3) Perlu dilakukan penguatan fungsi koordinasi antara Pemerintah Pusat (Kementerian/ Lembaga terkait) dan Pemerintah Daerah (OPD) dalam rangka penyusunan kebijakan di bidang pencegahan dan pemberantasan perusakan hutan yang lebih baik serta mengakomodir kepentingan semua pihak.
4) Perlu dilakukan penguatan fungsi koordinasi antara APH terkait di bidang pencegahan dan pemberantasan perusakan hutan dalam rangka penegakan hukum sesuai UU PPPH.
5) Perlu melakukan percepatan pengukuhan kawasan hutan oleh K/L terkait agar Pasal 26 UU PPPH dapat efektif dilaksanakan dan penguatan kinerja K/L terkait mengenai penetapan pal batas untuk lebih memudahkan dalam pengelolaan hutan itu sendiri.
6) Perlu peningkatan kualitas hakim yang sudah ada, khususnya melalui sertifikasi hakim lingkungan atau metode lain sebagai pengganti kelembagaan hakim ad hoc yang dihapuskan oleh ketentuan UU Cipta Kerja serta perlu kejelasan pengaturan terkait lembaga yang memiliki fungsi untuk melaksanakan pencegahan dan pemberantasan perusakan hutan pasca dihapuskannya ketentuan mengenai LP3H dalam UU Cipta Kerja.
c. Aspek Sarana dan Prasarana
1) Diharapkan jumlah polhut disesuaikan dengan luas kawasan hutan dan perlu ditambahkannya jumlah penyidik PPNS serta perlunya pendidikan dan pelatihan untuk polhut dan PPNS dalam peningkatan kapasitas pengamanan hutan.
2) Perlu adanya tempat penyimpanan barang bukti yang memadai, kendaraan operasional yang memadai serta alat berat dan alat angkut untuk membawa dan memindahkan barang bukti.

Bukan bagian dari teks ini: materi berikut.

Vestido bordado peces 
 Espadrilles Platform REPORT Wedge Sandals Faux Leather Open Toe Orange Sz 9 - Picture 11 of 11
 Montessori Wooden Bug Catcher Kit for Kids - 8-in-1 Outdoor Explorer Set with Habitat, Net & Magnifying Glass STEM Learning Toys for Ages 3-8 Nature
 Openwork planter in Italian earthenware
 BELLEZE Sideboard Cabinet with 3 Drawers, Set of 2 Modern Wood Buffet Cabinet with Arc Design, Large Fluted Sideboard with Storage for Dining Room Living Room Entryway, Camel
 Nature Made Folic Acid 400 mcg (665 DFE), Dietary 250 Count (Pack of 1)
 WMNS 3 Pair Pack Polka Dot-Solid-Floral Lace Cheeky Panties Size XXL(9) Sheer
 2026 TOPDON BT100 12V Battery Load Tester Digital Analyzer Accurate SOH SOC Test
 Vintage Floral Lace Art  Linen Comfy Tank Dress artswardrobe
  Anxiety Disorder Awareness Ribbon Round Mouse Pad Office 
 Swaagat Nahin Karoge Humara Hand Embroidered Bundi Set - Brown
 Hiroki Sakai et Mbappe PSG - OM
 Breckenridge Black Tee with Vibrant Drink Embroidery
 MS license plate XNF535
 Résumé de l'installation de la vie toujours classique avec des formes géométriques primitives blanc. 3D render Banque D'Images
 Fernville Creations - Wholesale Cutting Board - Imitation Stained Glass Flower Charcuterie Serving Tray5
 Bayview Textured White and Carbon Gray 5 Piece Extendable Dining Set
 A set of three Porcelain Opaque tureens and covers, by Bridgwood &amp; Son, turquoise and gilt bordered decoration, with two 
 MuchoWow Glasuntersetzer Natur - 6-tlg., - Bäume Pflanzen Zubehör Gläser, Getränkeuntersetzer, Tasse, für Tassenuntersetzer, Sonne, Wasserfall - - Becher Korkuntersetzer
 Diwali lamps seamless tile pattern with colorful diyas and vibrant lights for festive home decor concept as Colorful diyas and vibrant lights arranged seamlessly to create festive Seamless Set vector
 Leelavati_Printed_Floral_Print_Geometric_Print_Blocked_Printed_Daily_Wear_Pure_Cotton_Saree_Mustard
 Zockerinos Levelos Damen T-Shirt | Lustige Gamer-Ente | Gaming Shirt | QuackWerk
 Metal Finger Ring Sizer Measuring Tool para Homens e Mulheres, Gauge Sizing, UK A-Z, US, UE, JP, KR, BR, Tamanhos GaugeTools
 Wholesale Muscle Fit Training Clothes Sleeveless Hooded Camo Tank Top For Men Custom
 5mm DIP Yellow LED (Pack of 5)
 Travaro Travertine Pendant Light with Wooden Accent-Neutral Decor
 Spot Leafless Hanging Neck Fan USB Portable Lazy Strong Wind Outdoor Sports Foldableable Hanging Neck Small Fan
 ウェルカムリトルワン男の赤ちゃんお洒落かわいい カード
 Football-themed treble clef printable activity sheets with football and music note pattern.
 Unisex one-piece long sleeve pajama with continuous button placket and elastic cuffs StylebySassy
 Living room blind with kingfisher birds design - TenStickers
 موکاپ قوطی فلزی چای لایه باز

3) Diperlukannya penetapan lebih lanjut mengenai sumber kayu alternatif.
4) Perlu adanya tambahan rutan untuk menampung tahanan tindak pidana perusakan hutan.
5) Perlu adanya peraturan yang menetapkan pembiayaan standar untuk pelaksanaan pencegahan dan pemberantasan perusakan hutan, serta disediakannya pengalokasian anggaran untuk melaksanakan kegiatan pengelolaan dan pengamanan hutan dan anggaran dalam kegiatan proses penyidikan hingga persidangan tindak pidana perusakan hutan. Serta dibutuhkannya dana dekonsentrasi untuk dukungan pelaksanaan kegiatan pencegahan dan pemberantasan perusakan hutan di daerah.
d. Aspek Budaya Hukum
1) Perlu dilakukan sosialisasi dan edukasi terhadap masyarakat mengenai pelestarian/pengelolaan hutan dan dampak negatif perusakan hutan.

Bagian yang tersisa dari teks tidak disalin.